Loan-to-Own 2.0

Abstract

Convertible debtor-in-possession (“DIP”) financing is symptomatic of a paradigm shift in the control of large bankruptcy cases. During the prior era of lender control, distressed investors used DIP financing to shape the trajectory of bankruptcy cases and extract monopolistic rents at the expense of other constituencies. Enter the original loan-to-own: a common strategy commenced with a DIP loan, continued with a stalking-horse bid, and culminated in an acquisition of the debtor’s assets. More recently, private equity sponsors (“Sponsors”) and other sophisticated insiders are usurping control of bankruptcy cases. Convertible DIP financing (Loan-to-Own 2.0) is a by-product. This Article situates convertible DIP financing within the new era of Sponsor control, examines how it distorts valuation, and identifies why it violates the Supreme Court’s teachings in Consolidated Rock Products Company v.
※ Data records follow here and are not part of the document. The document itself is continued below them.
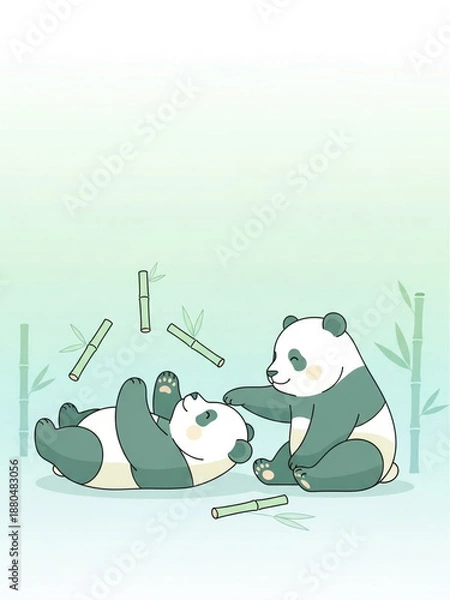 Obraz 戯れ合うパンダの親子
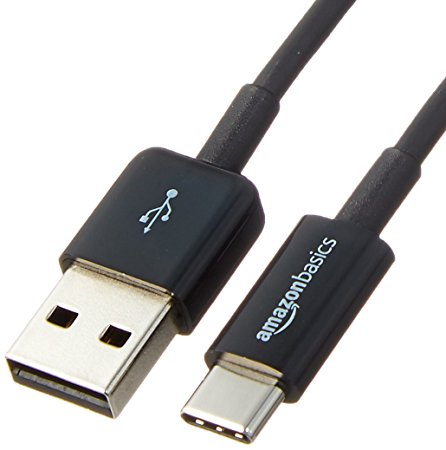 AmazonBasics USB Type-C to USB-A 2.0 Male Cable - 6 Feet  (1.8 Meters) - Black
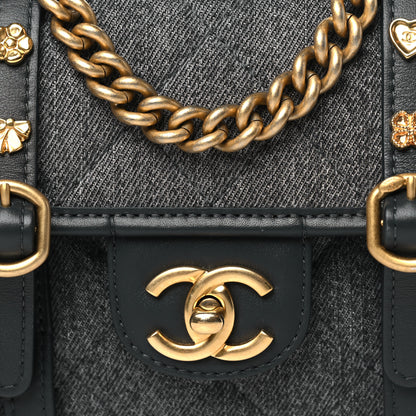 Chanel Denim Quilted Mini Flap Grey 8 of 10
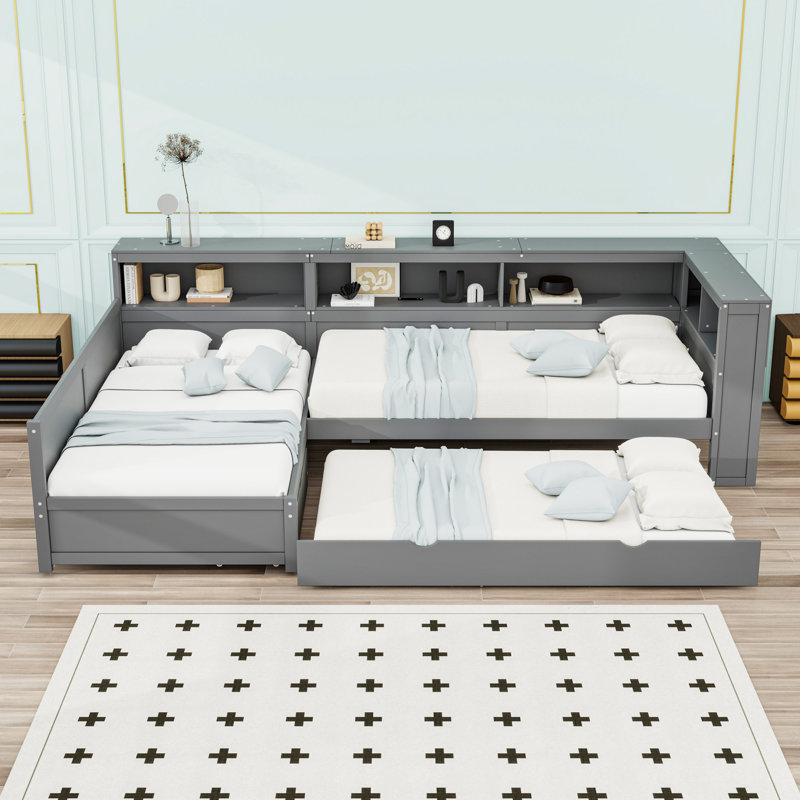 Lit plateforme simple en bois avec tiroir, station de charge et lit gigogne, gris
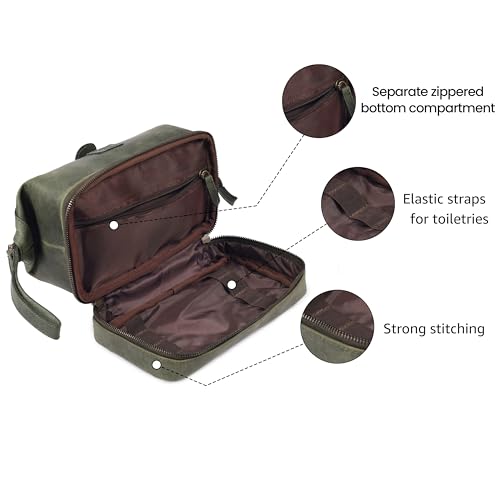 LEATHER VILLAGE Genuine Leather Dopp Kit – Large Travel Toiletry Bag with Waterproof Lining, Dual-Zip Design for Men & Women, Organizer for Shaving, Makeup & Essentials - Olive - color: Olive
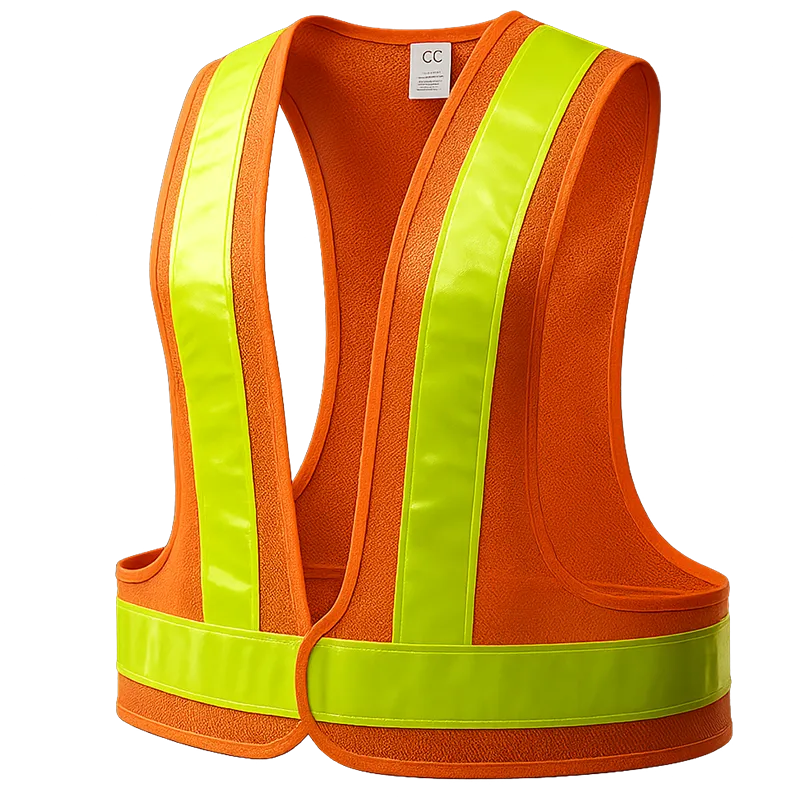 Gilet HV classe 2 à bandes jaune-vert – Orange fluo
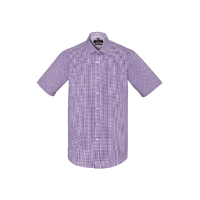 Biz Corporates Newport Mens Short Sleeve Shirt Purple Reign Size XS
Du Bois and its progeny.

Loan-to-Own 2.0 reflects Sponsors’ prowess. When Sponsors propose DIP financing, they can exceed lenders’ gains by leveraging their command over management, an influence unavailable to third-party lenders. Convertible DIP financing locks up a discounted stake in reorganized equity early in the case when the Sponsors’ leverage as the proposed DIP lender is at its zenith. This precludes a subsequent fair and equitable allocation under a Chapter 11 plan. Meanwhile, Sponsors’ control over management means they can be confident the bankruptcy case will be orchestrated to maximize their returns.